How should I add '| dedup' as one of the constraints of the dat model ?
We have a data model having a sourcetype as a base constraint and other fields using which we generate statistical reports by tstats searches. This sourcetype has got duplicated data.
I would want to filter out the duplicated events so for accurate statistics reporting in the data model, so that the generated summaries are accurate. (some thing like '| dedup _raw' right before the 'stats' command in the usual searches)
I don't know about the precise question you asked - but I'd investigate why you have duplicate data in the first place. I know that won't help with historical information but it seems like the right answer here.
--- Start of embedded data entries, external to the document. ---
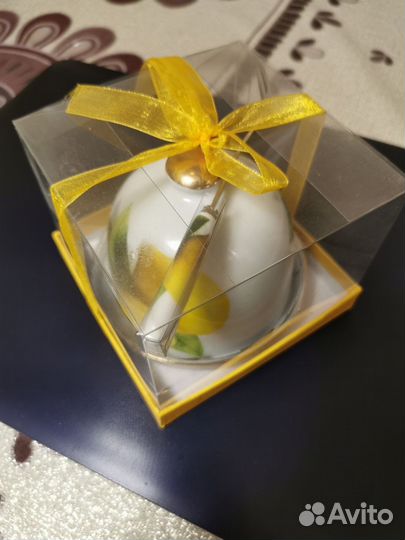 Лимонница новая. Фарфор. Япония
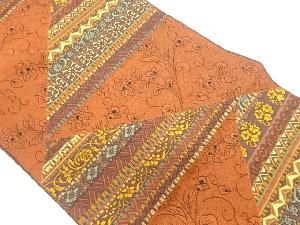 切り嵌め風横段に花唐草模様織出し名古屋帯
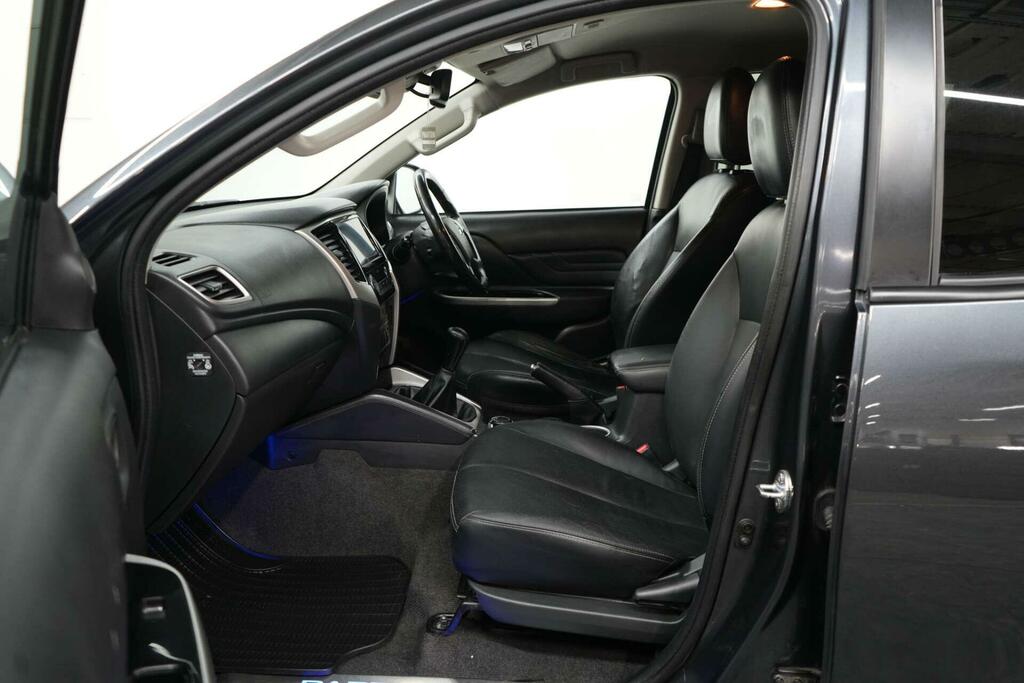 Mitsubishi L200  Orange #14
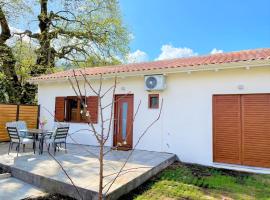 Lefkada house with private yard parking 2, αγροικία στο Νυδρί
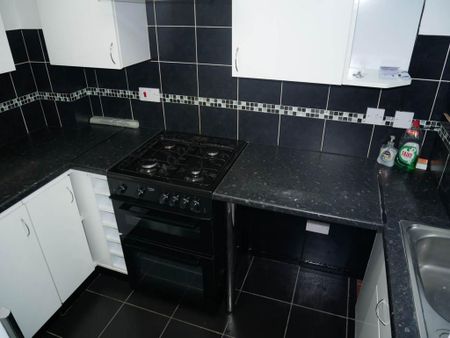 2 bedroom end of terrace house to rent - Photo 4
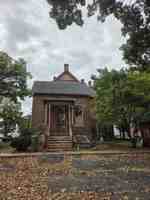 featured image of 435 E Walnut St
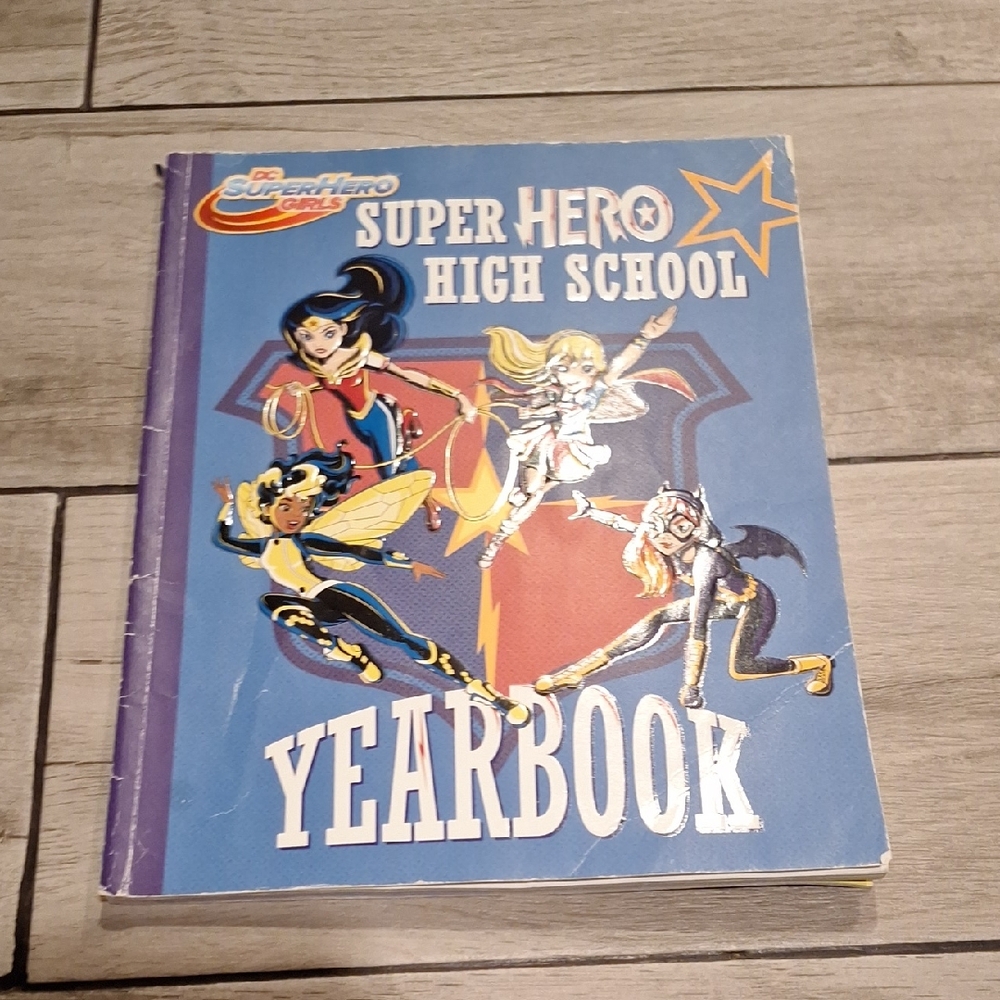 🥠super Hero High School Yearbook🍓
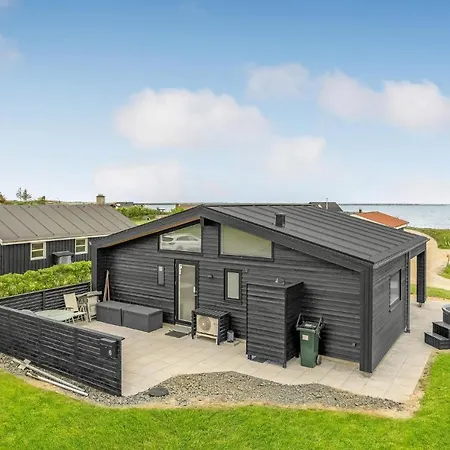 Cozy In With House Sea View Vinderup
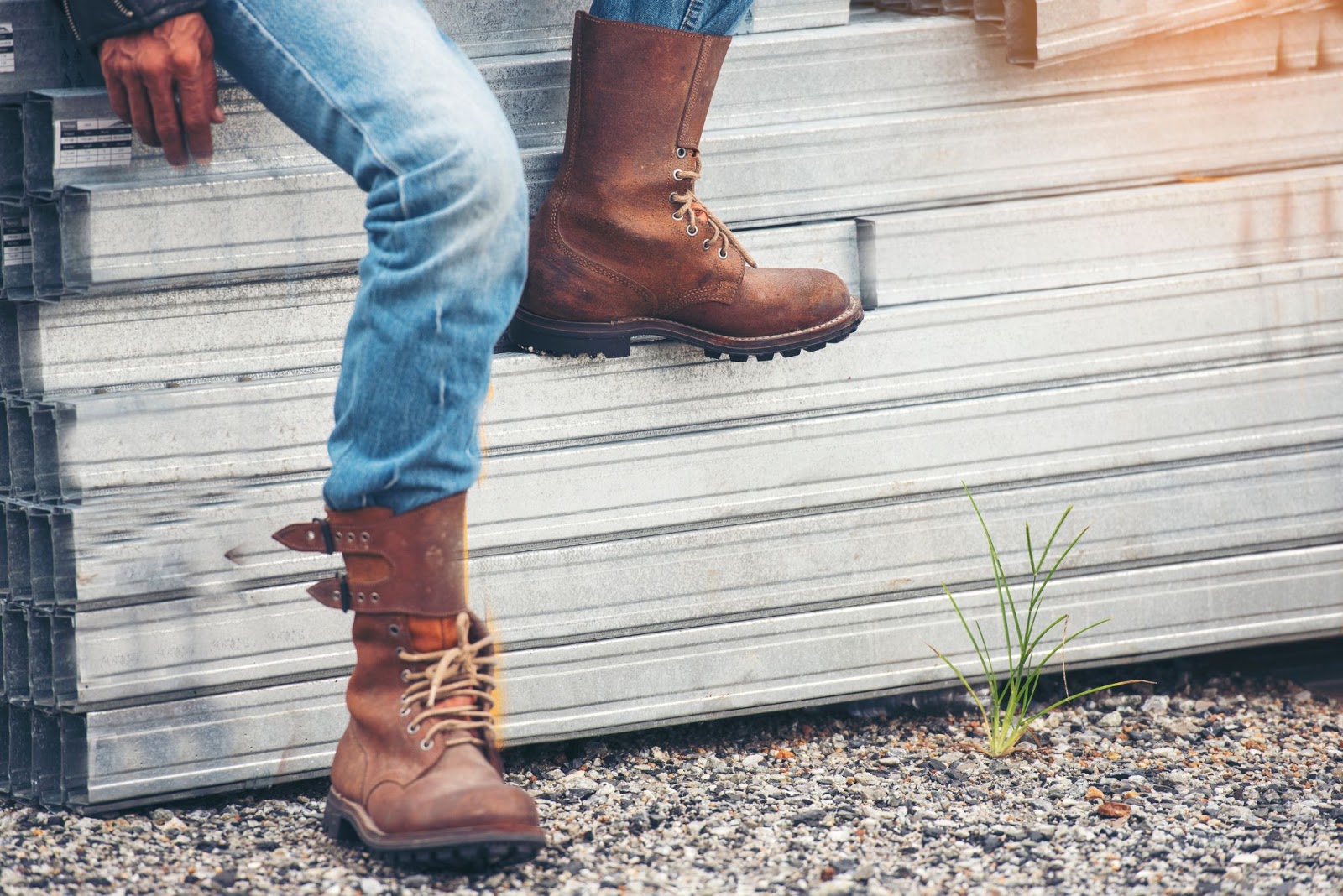 13 Comfortable Steel Toe Boots [For Men And Women To Buy Right Now]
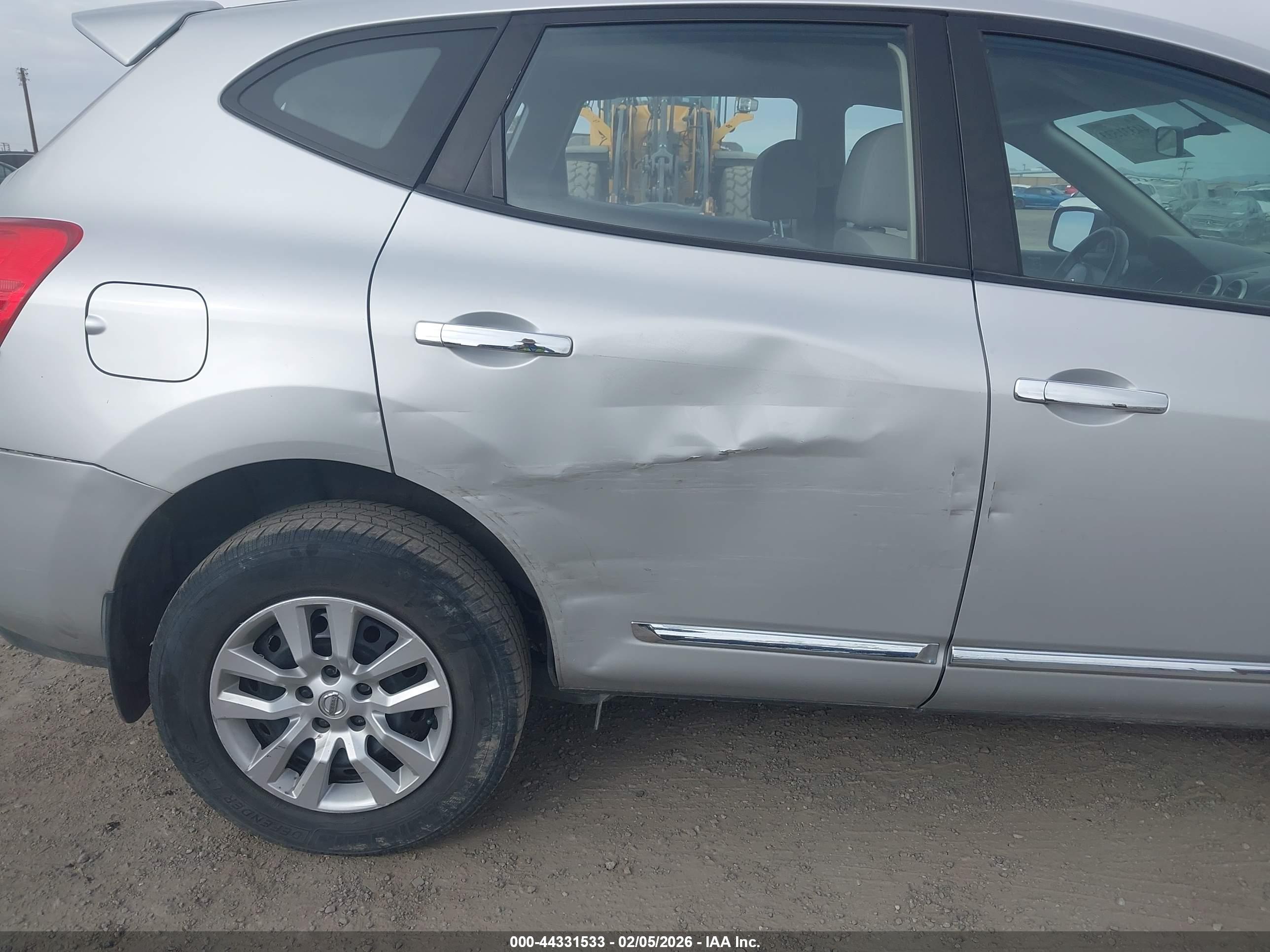 NISSAN ROGUE image 6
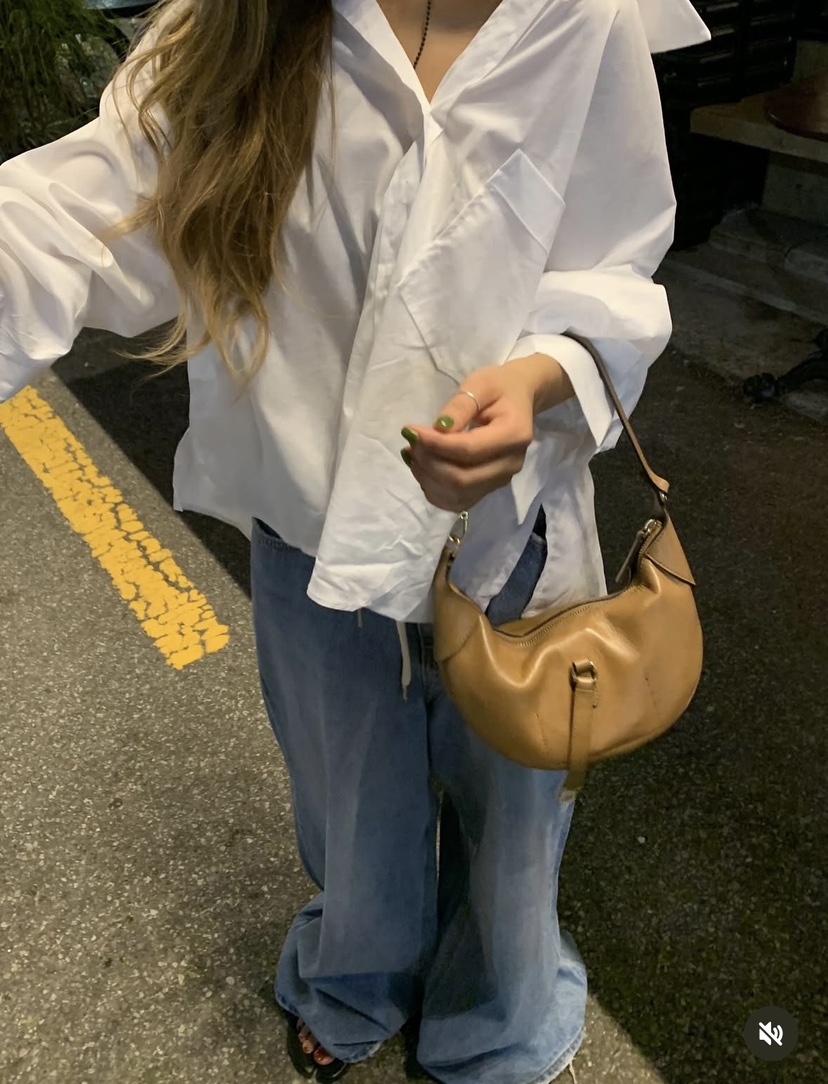 VIRKIN東大門㊣直郵女士新款熱賣真品人氣時尚襯衫蕾絲衫V領VIRKIN襯衫/蕾絲衫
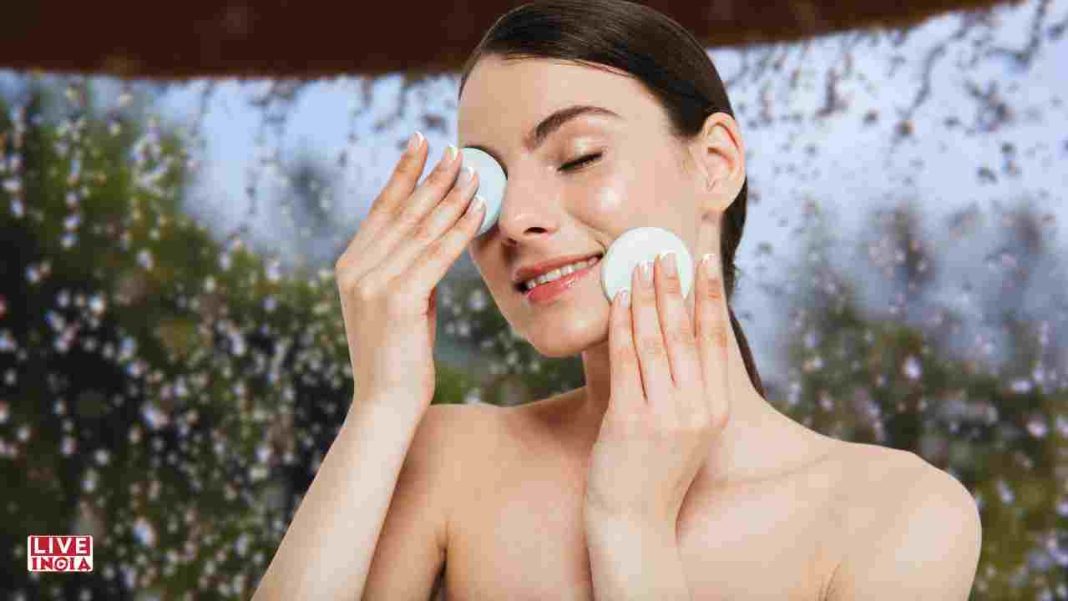 Monsoon Skincare Guide: 5 Essential Tips to Keep Your Skin Healthy and Glowing
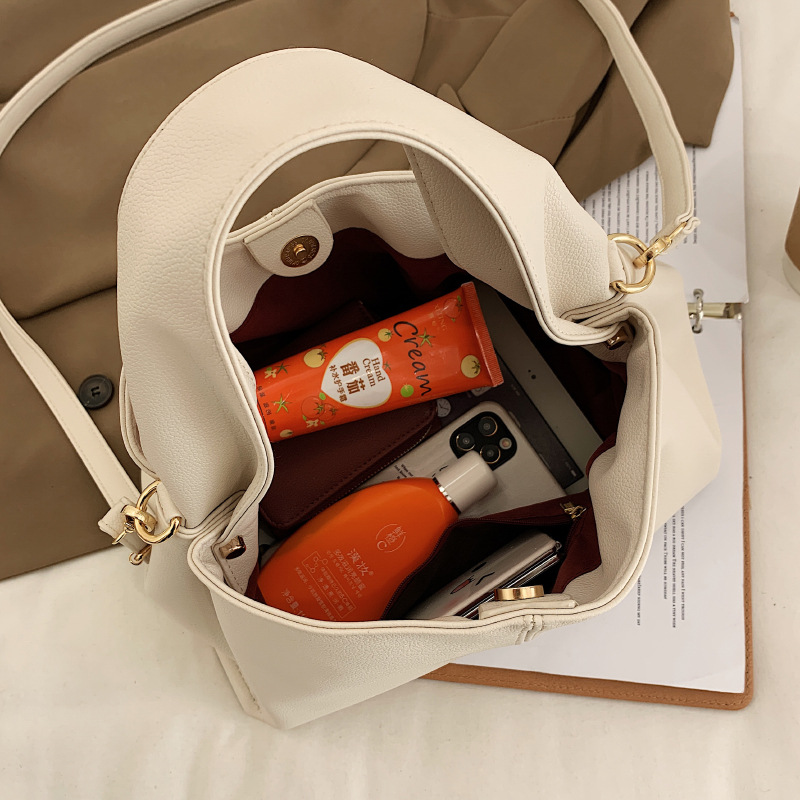 Borsa a spalla donna cloud dumpling stile francese elegante_voghion.com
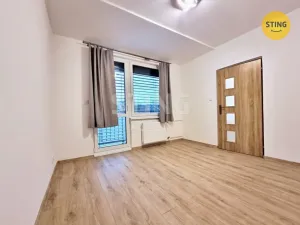 Pronájem bytu 2+1, Chvaletice, U Kulturního domu, 60 m2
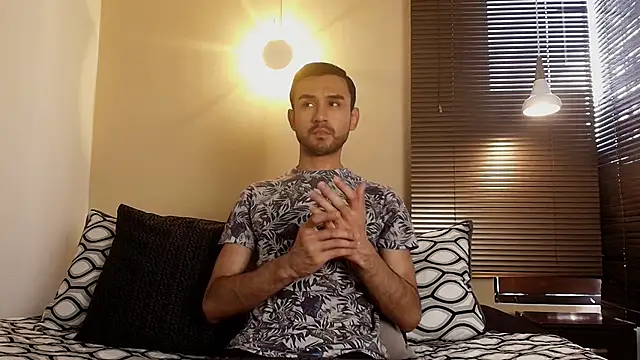 Snapshot of Axel_Moon_S chatting on November 21, 2025, 7:56 pm Axel Moon S online show from November 21, 2025, 7:56 pm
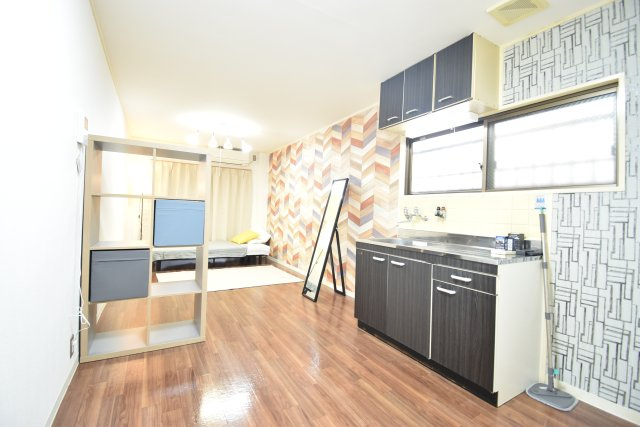 モナムールの居間・リビング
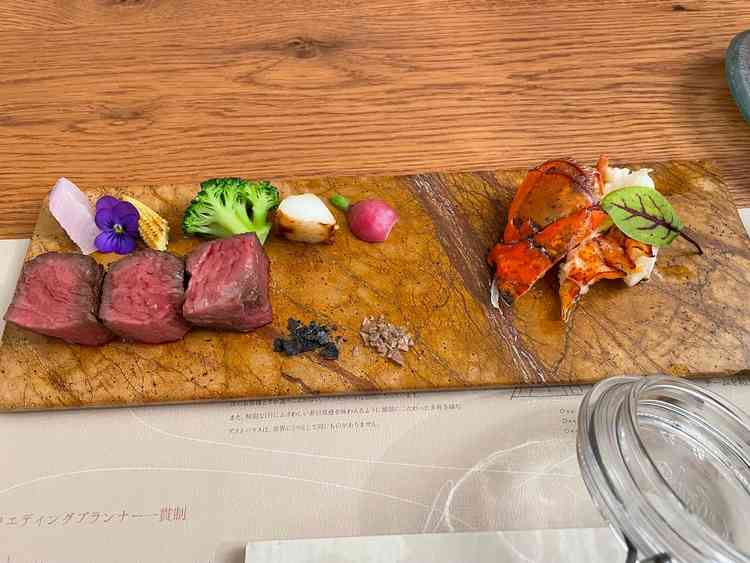 メインのお肉とエビ、どちらも美味しかったです。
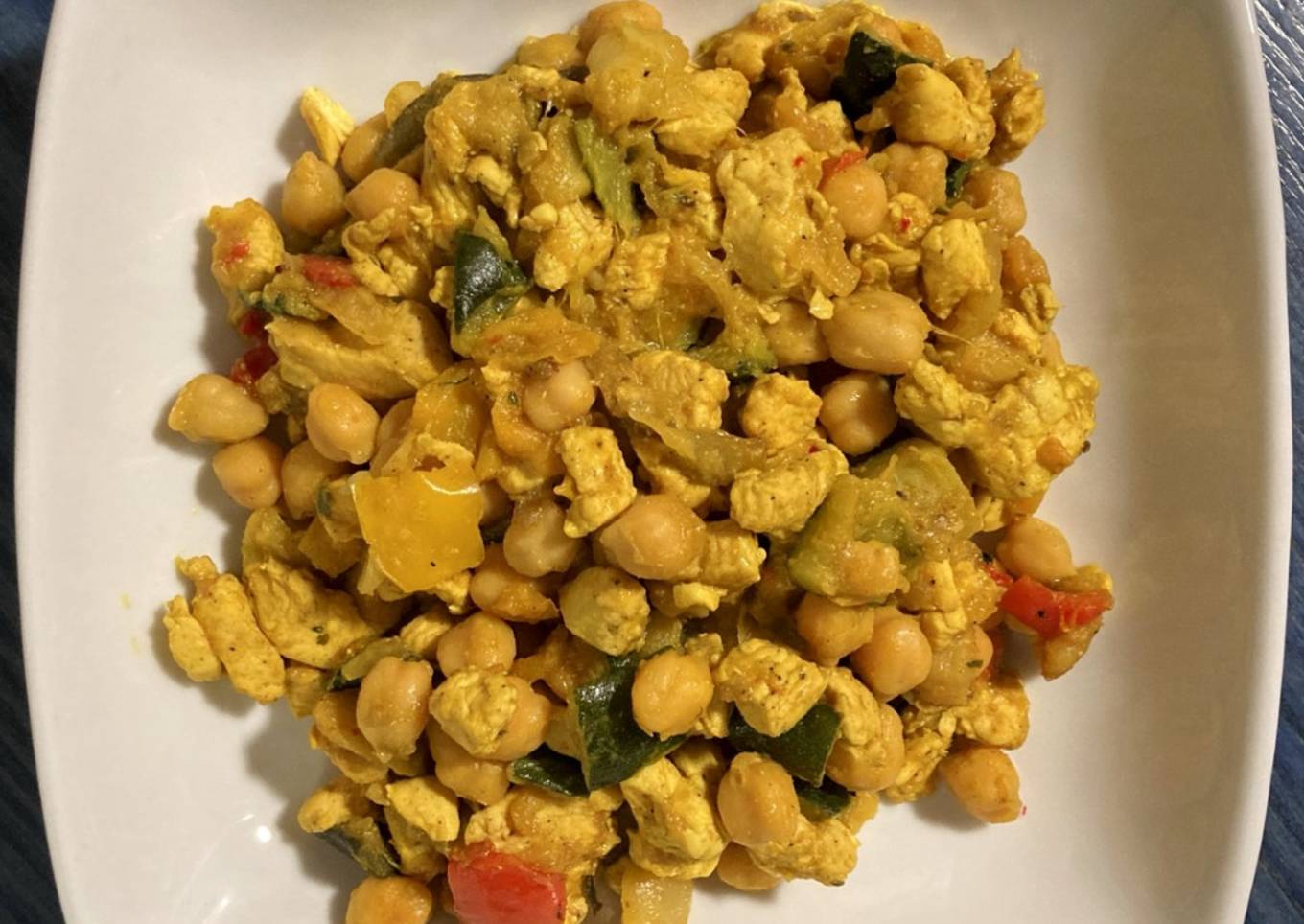 Curry de pollo, garbanzos y verduras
Is there information lacking in the logs making events appear duplicated? Are you grabbing a set of logs twice? Do two hosts both report the same information?
Well, I have found the root cause of the duplication and have resolved it too.
To sum up the question - the issue persisted for a month and for this duration we have duplication. We have reports being generated on this data every now and then by the users and the stats reported are not accurate due to dupes. These reports come from the accelerated summaries created by a data model.
Now, how can I not include the duplicated events in the data model summaries to have the stats accurate ?
I'm glad to hear you've got it straightened out now.
I think you have a couple of options. d and bwooden do a far better job of summarizing some of them in this answer, though I'd caution TEST TEST TEST before doing some of those! Remember, you shoudl be 100% the results of that search are really what you want to delete before you ever even enable the ability to USE delete. 😉
Anyway, If that's helpful please upvote that very thorough tag-teamed answer to give them some credit for it.
Your idea about including a dedup would probably work really well, except it'll be a huge performance impact all the time. Now, if perhaps you only need that for short while until that data expires out of the system, then maybe that's the easy way to go.